Notre Dame hockey coach Jeff Jackson to CHN’s Adam Wodon on NIL: “Doing something for money because of your name, image or likeness is fine as long as you’re doing something to earn it. Getting a million dollars to send out weekly tweets for a month doesn’t make sense to me. It’s crazy to think college football players are turning down NFL deals for NIL money.”

****

Novelist James Ellroy (LA Confidential, The Black Dahlia, American Tabloid) caddied at Bel Air Country Club during his starving-writer days.

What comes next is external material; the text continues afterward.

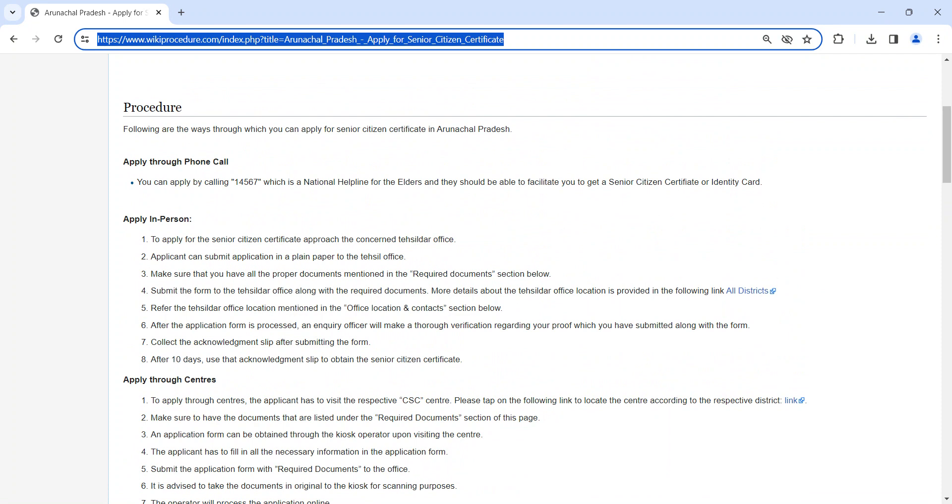Collect the acknowledgement slip after submitting the application form. Once the application is approved, using the acknowledgement slip, you can obtain a Senior Citizen Certificate after 10 days.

“Who was a lousy tipper?” asked podcaster Andrew Goldman. “Fred MacMurray,” said Ellroy. “When everybody else, even among the relative stiffs, gave you two bucks above the eight-bucks-a-bag minimum, MacMurray would give you a buck. And he had the heaviest golf bag on God’s green earth. It was full of scuffed golf balls he’d gotten as freebies at invitational tournaments.”

****

SQUIBBERS: Insiders say that trying to get good players into a quality school and the negative impact of NIL are why Jeff Hafley left Boston College for the pros. Candidates to succeed him include Anthony Campanile, Bill O'Brien and Al Washington. …  Apparently Tom Werner was referring to getting out of Springfield when he said the Red Sox were “going full throttle.” ... East Longmeadow's Frank Vatrano scored his 22nd goal on Wednesday to lift the Sharks over Anaheim in OT. It was the 145th goal of his NHL career. … Yankees fan Les Lapointe corrected me on last week’s trivia question. Five, not four catchers won at least two World Series with the Yankees — Elston Howard together with Bill Dickey, Yogi Berra, Thurman Munson and Jorge Posada. … The UMass hockey team practiced on DA’s outdoor rink on Tuesday. The UMass practice rink is having issues, and the Minutemen needed to prep for No. 6 Maine tonight. … Former UMass goalie Luke Pavicich is 0-7-0 in Hockey East with a dreadful .875 save percentage for UMass-Lowell; former Minutemen winger Cal Kiefiuk has one goal in 16 games for Providence. … Scouts at today’s Senior Bowl in Mobile (1 p.m.) will be looking at Christian McCaffrey’s younger brother Luke who caught 131 passes and scored 13 TDs at Rice this season. ….  Aidan Hutchinson posted a message to the fans after the Lions lost to the 49ers. The note said in part: “A city born in steel, diesel and blood will not let a moment like this hold them back.” … Former Dodgers first baseman Steve Garvey is running for the U.S. Senate in California. Players considered Garvey aloof and perhaps for good reason. He once sent a birthday card to his daughter that was signed, “Love, Steve Garvey.”